Step 6: Lay down the Wood
Use adhesive to secure the wood in place. Since you have the wood measurements, spread the glue on the floor space, the same area as the size of the wood you want to install. Be sure that the adhesive does not dry without the wood in place.
Using a tapping block or hammer, fit the wood pieces together as tightly as possible. While installing, you need to start with the longest wall of the garage and work towards the other end of your garage area.
You can also use a pneumatic flooring Nailer to nail the boards down to ensure that every board is secure and level. Use a cutting saw to realize the needed board sizes.
Note: Installing a form underlayment over the vapour barrier can prevent your wood flooring from shifting or buckling at this stage.
Step 7: Finish the Edges
Install the baseboards and trim to finish off the edges and seal any gaps on the floor once you have successfully installed the flooring. The garage floor seals establish a barrier between the seal and the door, preventing outside elements. Take appropriate measurements to ensure you get the right height for the seals.
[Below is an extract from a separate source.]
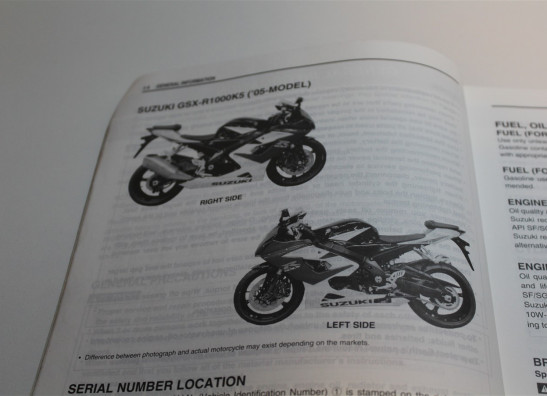 Bedienungsanleitung Suzuki GSX R 1000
Generally, installing wood floors in a garage is a challenging process requiring massive planning and attention to detail. Be sure you have made the right choice for the wood with various elements such as fire, spills, and the car’s weight in mind. If you are unsure about the wood feature appropriate for your garage floor, consider hiring a professional to help with the process and provide guidance.
The video below shows how to add support to wood floors in a garage
Pros and Cons of Wooden Garage Floors
Wooden floors have high insulative capabilities than concrete or cement floors. Wood floors can provide your garage with the desired warmth during the cold winter, unlike cement or concrete floors.
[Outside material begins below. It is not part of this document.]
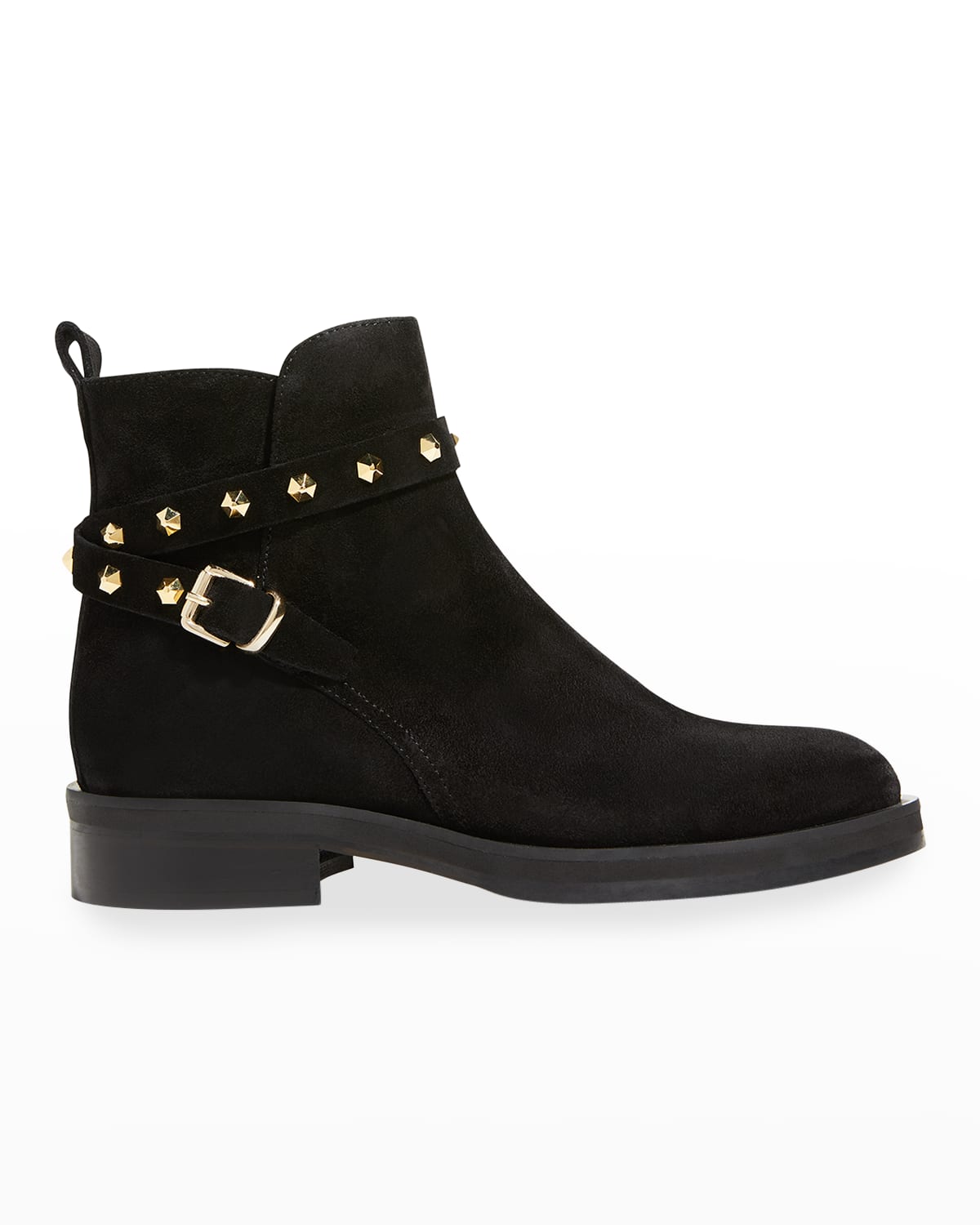 Black Studded Ankle Boots Neiman Marcus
The wood floors use underlaying to provide an additional insulation layer between the floor and the subfloor. As a result, the materials that act as insulators, including rubber, fiberglass, or polyfoam, are added to the floor surface to protect it from getting cold in the winter. Thus, the wood floors help provide thermal insulation.
Regardless of the changes in the season, the wooden floors help keep your garage space comfortable and insulated. Wooden floors are also easier to install than cement or concrete floors.
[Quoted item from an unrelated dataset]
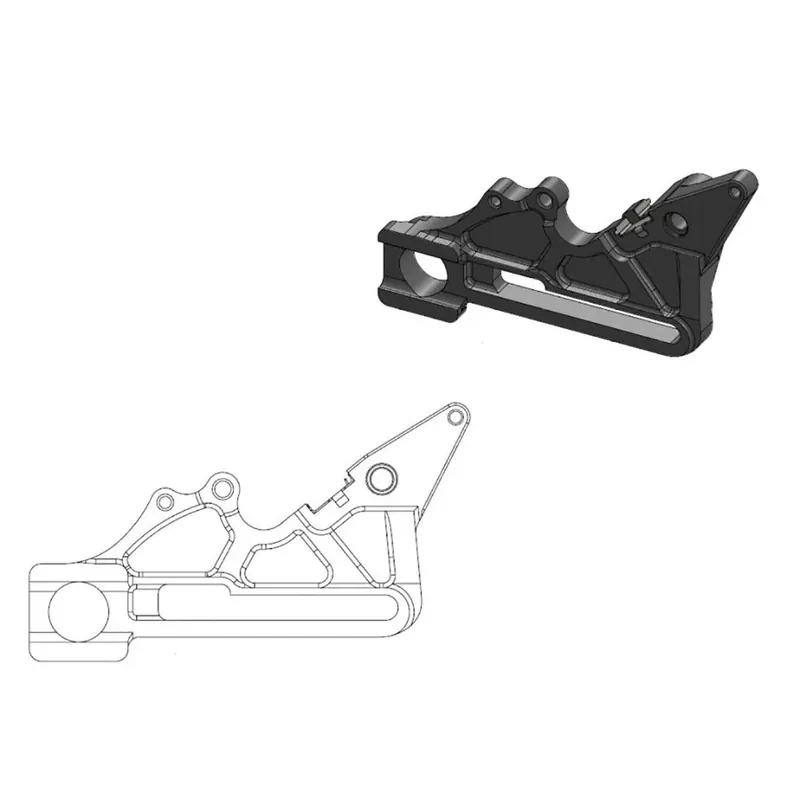 Zertifiziert Moto-Master Bremssattel-Adapter Factory hinten 240 mm Ø schwarz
Wood flooring is a great option if you are looking for durable solutions for your garage floors. If you can afford the pressure-treated wood, be sure you can effectively use it on your garage floor to support heavy cars or vehicles and other garage equipment.
With appropriate maintenance practice, the wooden floors would last as long as the cement or concrete floors. However, despite their durability, the wooden floors cannot last forever. At some points, they will need repair or be replaced. The maintenance or repair of wood floors is cheaper than concrete or cemented floors. If well-maintained, you can be sure that your wood floor will last for years while enduring the weight and pressure of equipment and vehicles.
The wooden floors add to the aesthetics of your garage space. Wood comes in different finishes, patterns, and colours, allowing you to choose a wood type that matches your style and preference.
You have a wide range of wood floors, including Walnut, Ash, Oak, and Maple, with different styles such as Chevron, Herringbone, and Mosaic, among others. The different types help add aesthetic value to your garage and home. You can match the style of the wood floor to that of your garage interior. Based on past studies, wood flooring can add up to 2.5% value to your garage space or home.
Using wood as a garage floor option requires careful and well-thought considerations. Most wood types cannot support the car’s weight and are susceptible to fires, water, and chemical damage.
You must make an ideal choice regarding the wood you want to use in your garage floor, ensuring it is resistant to fire, water, chemicals, and oil stains while also determining that it has enough strength and thickness to withstand the car’s weight.